Depuis quelques mois, ça bouge place de Clichy, « un des carrefours de Paris où la vie est la plus bouillonnante, à la limite du monde des petits bourgeois, de celui des ouvriers et des employés, enfin de la bohême et de la noce », comme la définissait Georges Simenon dans « Le grand Bob » en 1954. Et Simenon fréquentait les lieux : on connaît de lui une photo où il pose complaisamment, sortant d’un hôtel accueillant du passage de Clichy.

 

Depuis 1954, l’ouverture du cinéma Pathé-Wepler, la démolition du Gaumont Palace remplacé par des hôtels et un centre commercial, la disparition de commerces comme la librairie d’occasion côté XVIIIe - mais demeure la Librairie de Paris vaisseau amiral de Gallimard – la cure d’amaigrissement du Havane qui fut le plus gros bureau de tabac de France et de Navarre au profit d’un Starbucks à côté de la pharmacie centenaire ouverte jour et nuit, la place Clichy avait changé. Mais, même si des cafés traditionnels laissaient place à des restaurants de chaîne ou des fast-food, on restait dans la vision simenonienne d’un lieu de rencontres et de fêtes. De Starbucks en Mc Donald’s ou Kentucky Fried Chicken, quasiment à touche-touche, et pas bien loin d’un Quick, c’était un peu l’hommage des multinationales à ce haut lieu du parisianisme. Ou au moins un intérêt commercial bien compris…

 

La mutation s'accélère

Encore que le KFC a remplacé La Champagne, un restaurant de poissons ! Une mutation accélérée. Enfin la rénovation de la place, terminée en 2010, avec son terre-plein et ses trottoirs élargis, la traversée des piétons facilitée est plutôt une réussite et la circulation automobile est plus fluide qu’avant.

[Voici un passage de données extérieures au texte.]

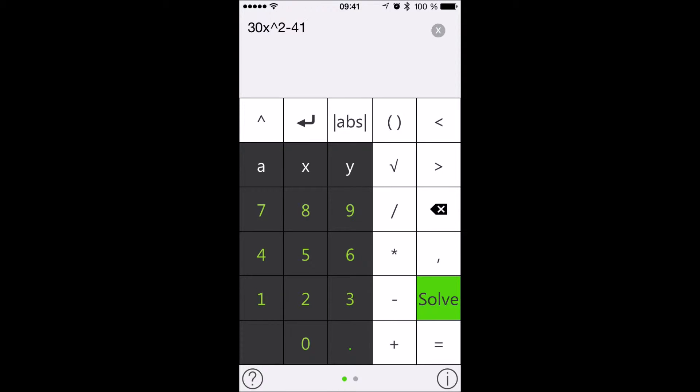In this next example, Tiger solves the quadratic equation, 30x squared minus 41x minus 15 equals 0.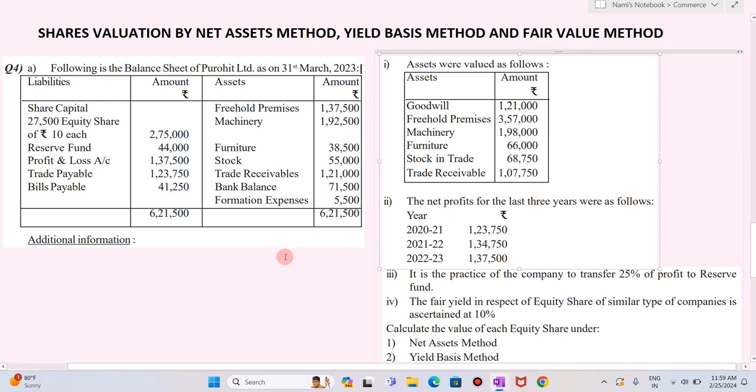Hi friends, welcome to my YouTube channel Learn Commerce with Namita. I am Namita Mane. In today's video let us solve an example of share valuation. We are going to evaluate the shares by net asset method, yield based method, and fair value method.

Mais on assiste actuellement à une accélération dans la mutation de l’appareil commercial qui pourrait bien transformer l’esprit de la place. Certes, la rénovation du cinéma Pathé-Wepler qui avait été construit en 1956, avec son immense écran sur la façade, la réfection du hall et des salles, terminée tout récemment, renforce le « pôle spectacle » de la place.

 

S'attabler chez Charlot en sortant des Deux-Anes

Pourtant que dire de la récente fermeture de Charlot roi des coquillages, remplacé par un Franprix ? On avait connu tant et tant de cinémas remplacés par des supermarchés, ne serait-ce que le Gaumont Palace… Eddy Mitchell en avait fait une chanson nostalgique en 1977 : C’était la dernière séance et le rideau sur l’écran est tombé ! Mais des restaurants, c’est plus rare. Comme disait le comique « on est quand même un pays de bouffe ». Dans la mouvance de Pigalle, Charlot avait été créé en 1937 par un Marseillais Charlot Lombardo, un ancien de chez Prunier qui avait installé les tables à l’étage devant une grande verrière offrant une vue imprenable sur la place ! On imagine ce restaurant, dans les années 1950, accueillant des provinciaux à l’aise montés à Paris pour le Salon de l’auto ou un congrès, s’attablant chez Charlot en sortant des Deux Anes, dans la mouvance de Pigalle. C’était ça la place Clichy. Pourtant, cet été, la presse titrait « La mythique enseigne de la place de Clichy a définitivement fermé ses portes » ou « Le roi découronné », évoquant « une table traditionnelle où on allait après le spectacle, tard le soir, déguster du poisson de grande qualité et des plateaux de fruits de mer… » concédant toutefois « cela fait longtemps qu’il n’y avait pas eu de rénovation [… ] Charlot ne trouvait sans doute plus sa clientèle ».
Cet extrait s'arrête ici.